There are so many players who’ve been in the same boat as me. While I’m only playing amateur rugby every year me and my team mates make a commitment to train 3-4 times a week and hope we have put ourselves in a place to be considered for selection week in week out. Once you agree that is what you’re going to do, then it’s down to business and everything else must work around this. It’s not a sacrifice its a pleasure and a choice. We choose to play a sport that is taxing on the body, it’s tough on the mind, it affects relationships either helps build them or it’s the reason for breaking them.
Ultimately it is a choice. So with this choice you work towards the rewards of good times and joy with the reality of potentially attaining a few injuries / setbacks along the way. In sport it is a true shame that success and victory never last as long as the time invested to get there and unfortunately losses and injuries for some, can haunt people afterwards either mentally or physically.
With so many injuries, I could have packed it in years ago. The running joke when I got back to play was, how long until the next injury. To be fair, I’ve no idea what long term affects all these injuries will have on my body. At 32 I can see its going to be long road.
You see, that’s what makes sport so compelling isn’t the fear or worry or injury, its the challenge and drive to reach a goal you set with yourself and your team mates. I can only speak from there perspective of playing team sports.
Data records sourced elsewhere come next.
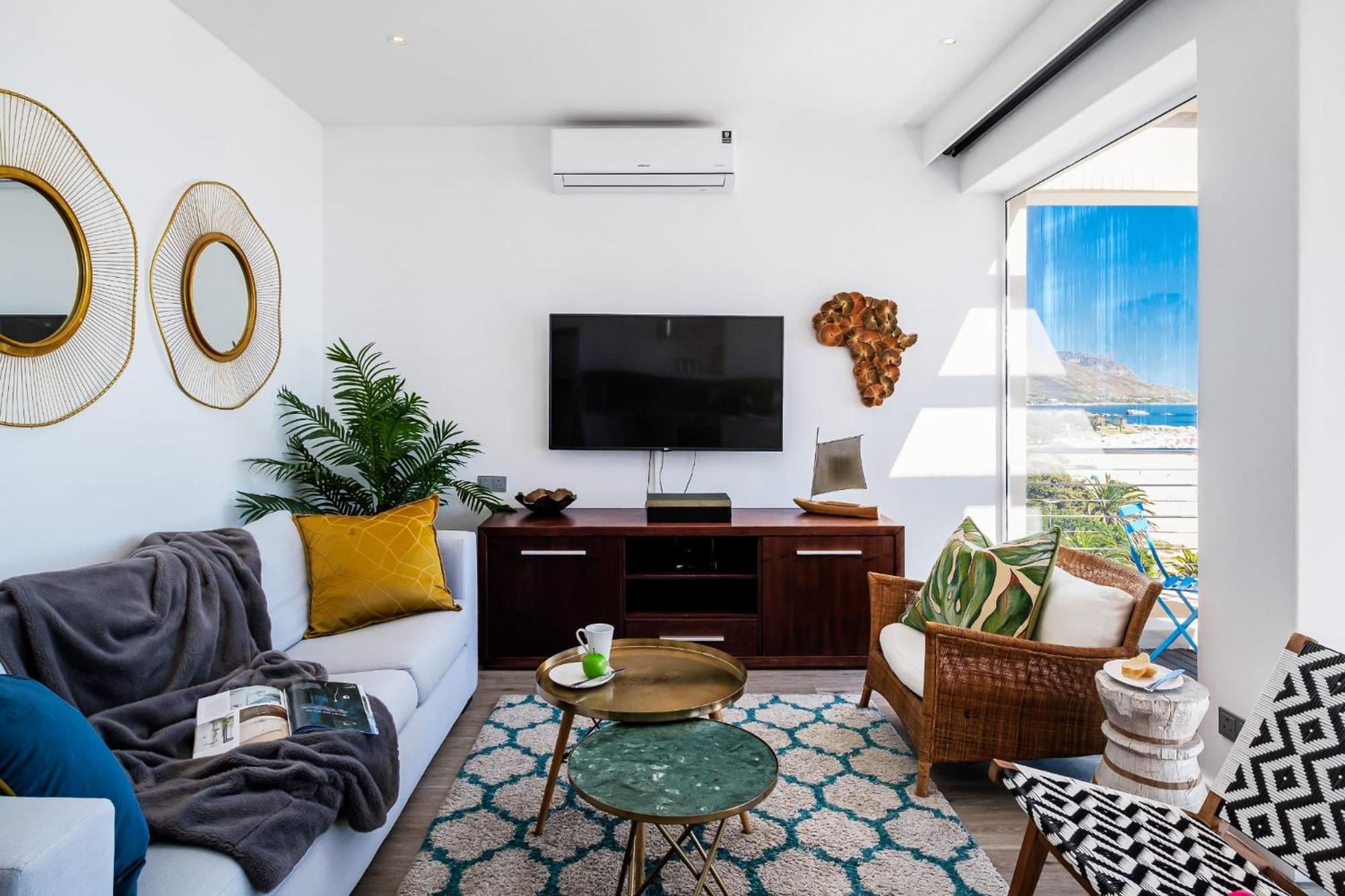 Apartamento Modoco Ciudad del Cabo Exterior foto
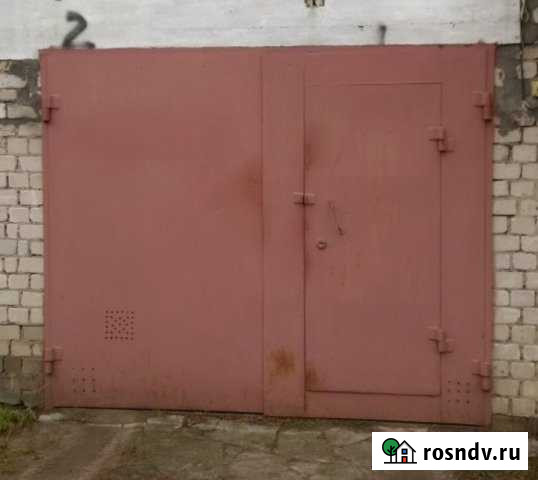 Гараж >30 м² на продажу в Торжке Торжок - изображение 1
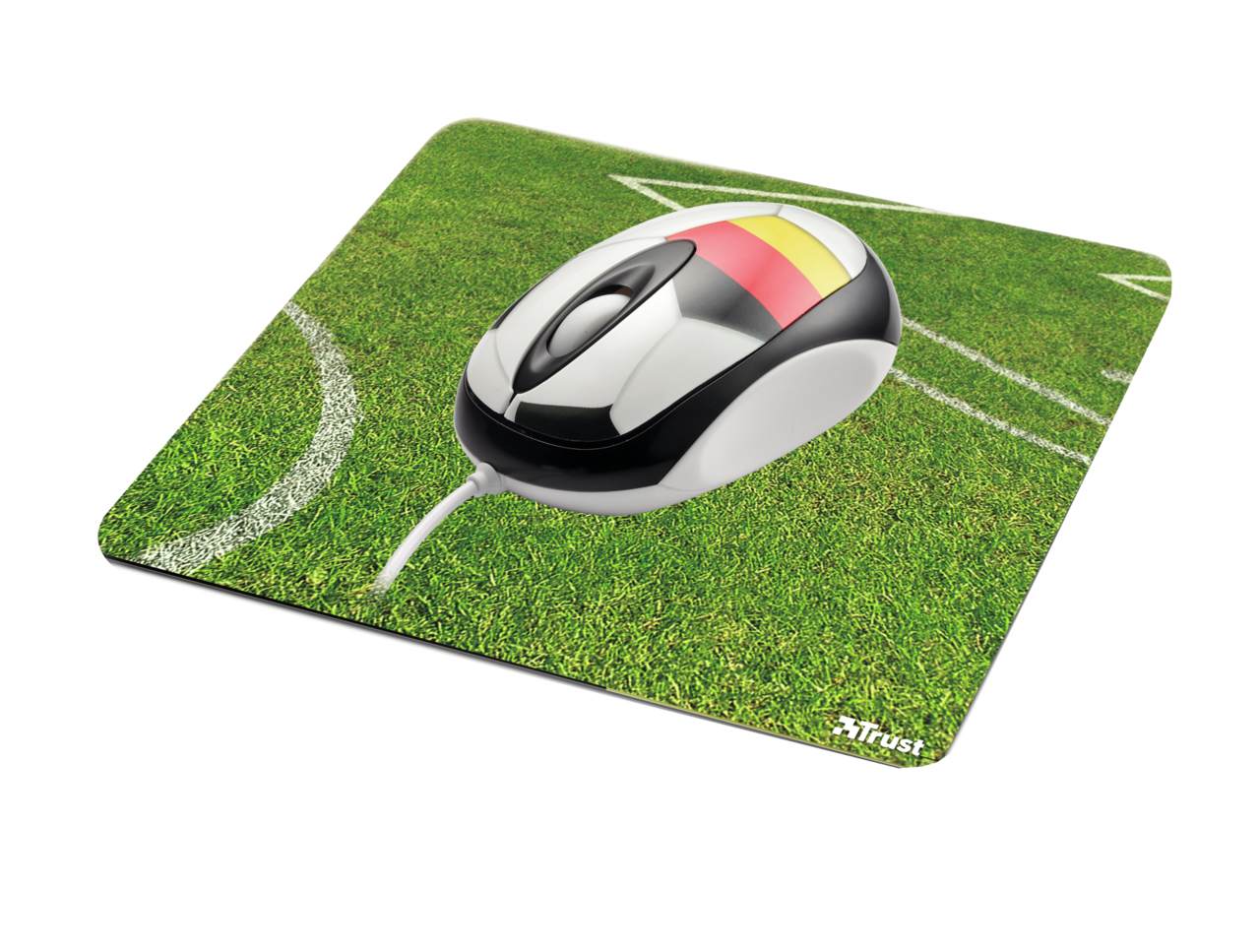 Trust 16880 mouse Office USB Type-A Optical – image 1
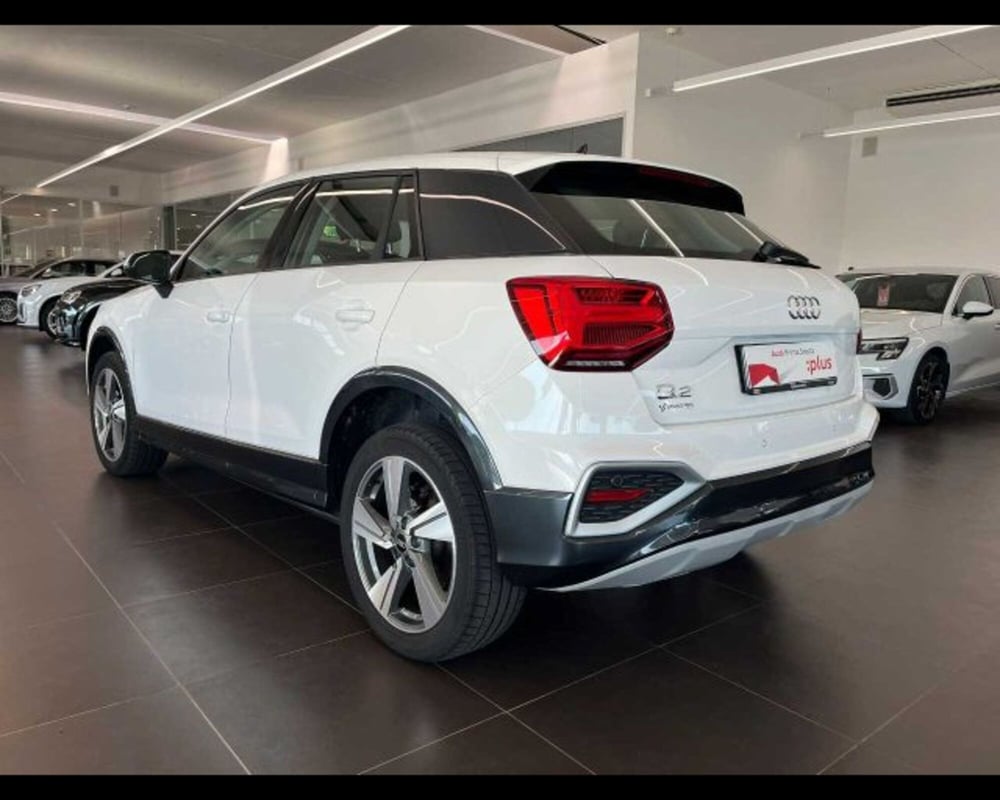 Audi Q2 usata a Bologna (4)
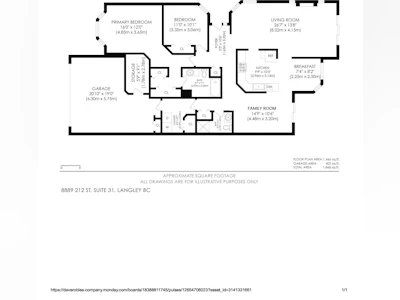 31-8889 212 Street - 5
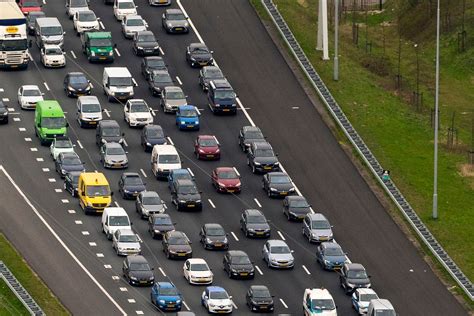 schokkend onderzoek van de telegraaf bewijst meer rijstroken beste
However regardless of the potential long term damage you do to yourself it doesn’t cross your mind when you are working and training with your friends and team mates. This is why there’s always a mutual respect and understanding between fellow players around the world.
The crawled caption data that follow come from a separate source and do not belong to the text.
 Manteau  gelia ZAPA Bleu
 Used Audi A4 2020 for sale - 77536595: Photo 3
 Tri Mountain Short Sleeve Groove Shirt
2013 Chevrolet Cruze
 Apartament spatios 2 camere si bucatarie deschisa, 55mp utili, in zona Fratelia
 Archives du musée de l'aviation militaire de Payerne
With injuries there’s absolutely a huge physical challenge to get your body back to the same place it was before the injury, if not better.
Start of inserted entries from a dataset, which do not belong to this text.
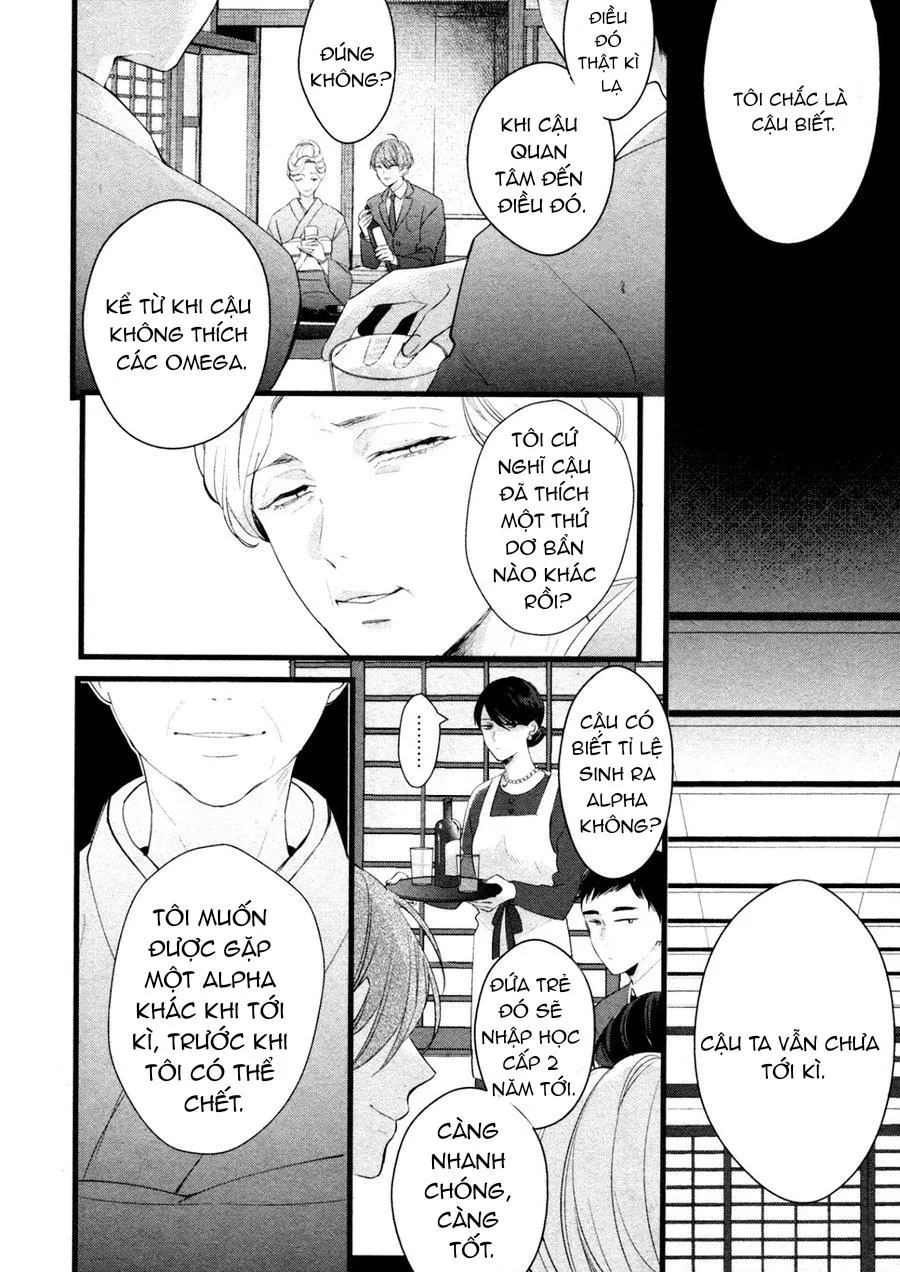 Kiyoku Tadashiku Utsuku Shiku Chapter 6 Trang 10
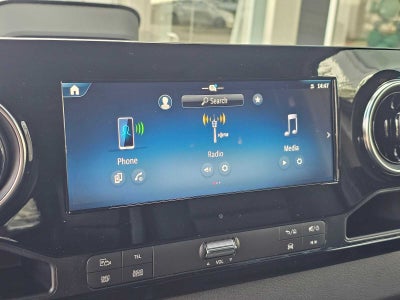 2026 Mercedes-Benz Sprinter 2500 High Roof I4 Diesel HO 170 AWD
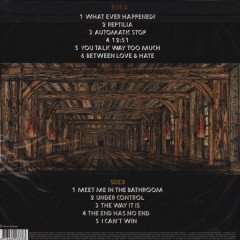 STROKES - ROOM ON FIRE (2003) - LP PLAK SIFIR MUSIC ON VINYL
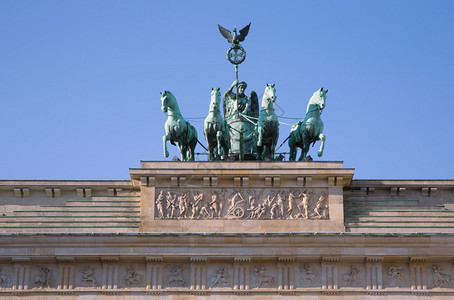 柏林勃兰登堡图片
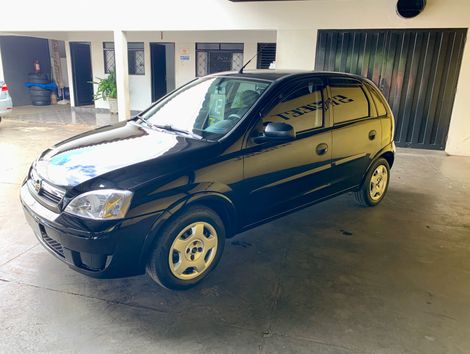 Chevrolet Corsa Hat. Maxx 1.4 8V ECONOFLEX 5p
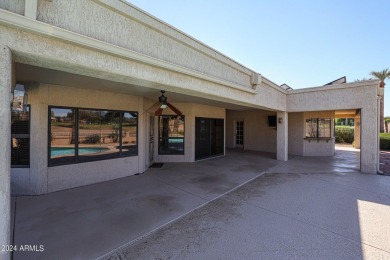 Expanded ''Monterey II'' (3,063 sqft) on Briarwood Golf Course on Briarwood Country Club in Arizona - for sale on GolfHomes.com, golf home, golf lot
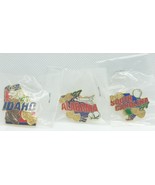 Idaho, Alabama  South Carolina QVC Pin 50 In 50 Tour 1997 Quest For Amer... - €10,20 EUR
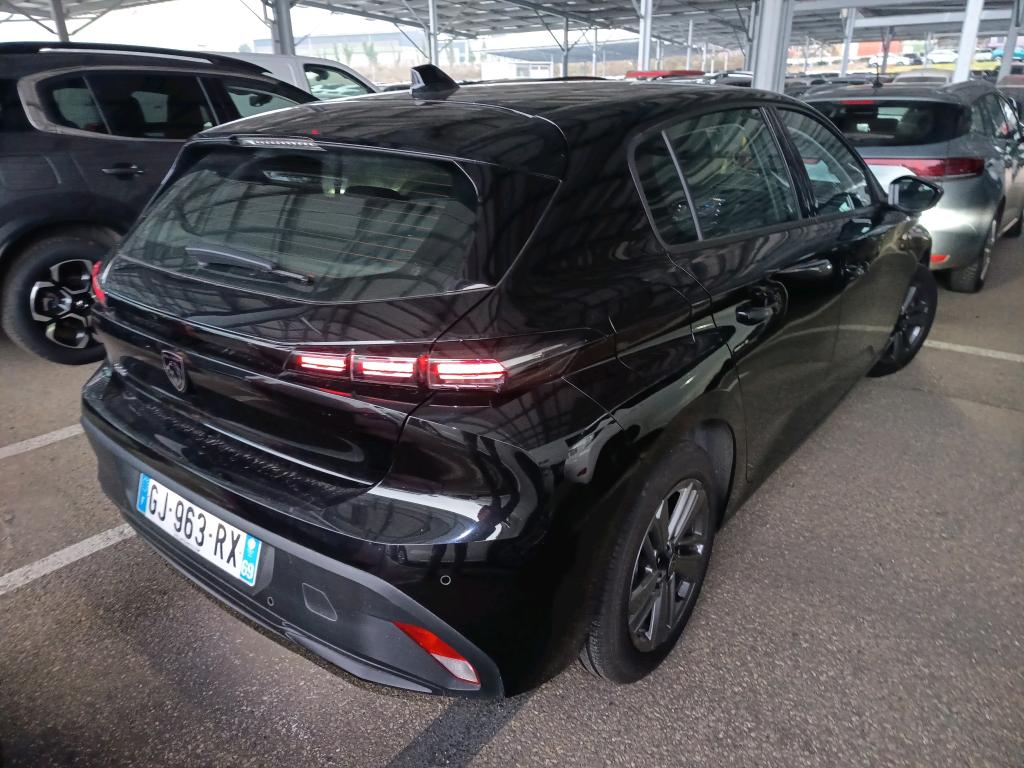 Peugeot 308 BlueHDi 130ch S&S EAT8 Active Pack 2022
For me the hardest part is the mental challenge. A friend of mine and a former team mate recently text me while I was on the way back from my most recent injury and he said,
“Fair play on the rugby front by the way too… it’s a long road back but i’ve a lot of respect for you travelling that road one more time”
I must say that text epitomises why I’ve continued to play rugby throughout the years. You don’t think anyone notices what you’re trying to achieve (for most part no one does) and then out of the blue you get a bit of support that spurs you on.
But this isn’t just in rugby folks. This is throughout life too. So many people will never play sports, but they have goals and dreams that they want to achieve. They too will choose to put in the hours, required, build relationships and break some along the way, all to reach their goal. Whether it’s another sport, an event you’re planning or focusing on being their for your family, an unexacting show of support, a kind word, a show of appreciation from others goes further than realised at the time.
It’s not just us normal folk, its all the great folk too. We’re only human, which means we all have ups and downs, make mistakes and try learn from them.
Some people are more driven than others in their own respect, but each person in their down time need that bit of support. I don’t care whether your president of the USA or going to your first singing lesson, a gentle word of support is sometimes required.
Something small and insignificant to someone else can be the exact thing needed by another.
It’s like when you’re a kid and something happened you so long ago but the message and sentiment stuck with you for years to come. I remember when I was about 8 or 9 I’d a problem in school like most kids do and my Mum who’s an uncanny way to this day of unravelling anything on my mind, she always asked the questions most people are afraid to ask.
At that age you don’t really want to talk to your parents because ‘it’s not cool’ but she said to me
“no matter how big the problem is you can always come home and tell us. Talking about it is better than keeping it to yourself, a problem shared is a problem halved.”
I’ve never forgotten that and now I’m the person who asks the tough questions when my pals are going through tough times.
My rambling this time around is not for those who are down or struggling, but more for those who aren’t down or struggling. Those who are getting on great in life, work, sport whatever.
Open your eyes to your teammate who might be struggling with a task, your friend who’s maybe lost a bit of contact with you for no reason, give them a bit of support that you may or may not have gotten when you were in that position.
You never know what that small gesture will do for them in years from now.